- Genre: Documentary
- Country of origin: United Kingdom
- Original language: English
- No. of seasons: 1
- No. of episodes: 4

Original release
- Network: BBC Two
- Release: 30 May – 20 June 1998

= Windrush (TV series) =

British TV documentary series

Windrush is a four-part series of one-hour television documentaries originally broadcast on BBC Two in 1998 to mark the 50th anniversary of the arrival in Britain of the HMT Empire Windrush, the ship that brought the first significant wave of post-war West Indian immigrants.

The series was produced and directed by David Upshal, and its Executive Producer was Trevor Phillips. It won the 1999 Royal Television Society Award for Best Documentary Series.

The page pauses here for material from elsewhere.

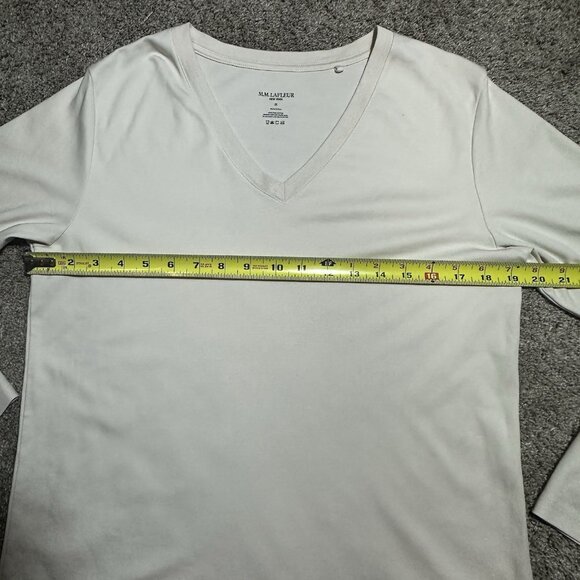 MM Lafleur Top Women’s Medium Off White Cream Soft Pima Cotton Long Sleeve Tee - Picture 10 of 10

Contributors include Lenny Henry, Jazzie B, Doreen Lawrence, Valerie Amos, Rosalind Howells, Diane Abbott, Paul Boateng, Ben Bousquet, Carroll Thompson, Charlie Williams, Cy Grant, Professor Stuart Hall, Ken Livingstone, Darcus Howe, Linton Kwesi Johnson, Columbus Deniston, Ulric Cross, Chris Blackwell and Mike Phillips.

The four episodes were:
1. "Arrival" (30 May 1998)
2. "A New Generation" (6 June 1998)
3. "Intolerance" (13 June 1998)
4. "A Very British Story" (20 June 1998)

The series was accompanied by the book Windrush: The Irresistible Rise Of Multi-Racial Britain, written by Mike Phillips with Trevor Phillips, based on the extensive interviews conducted by producer/director David Upshal for the television series. The Independent newspaper described it as being "One of the most important books ever to have been published on the Black British experience".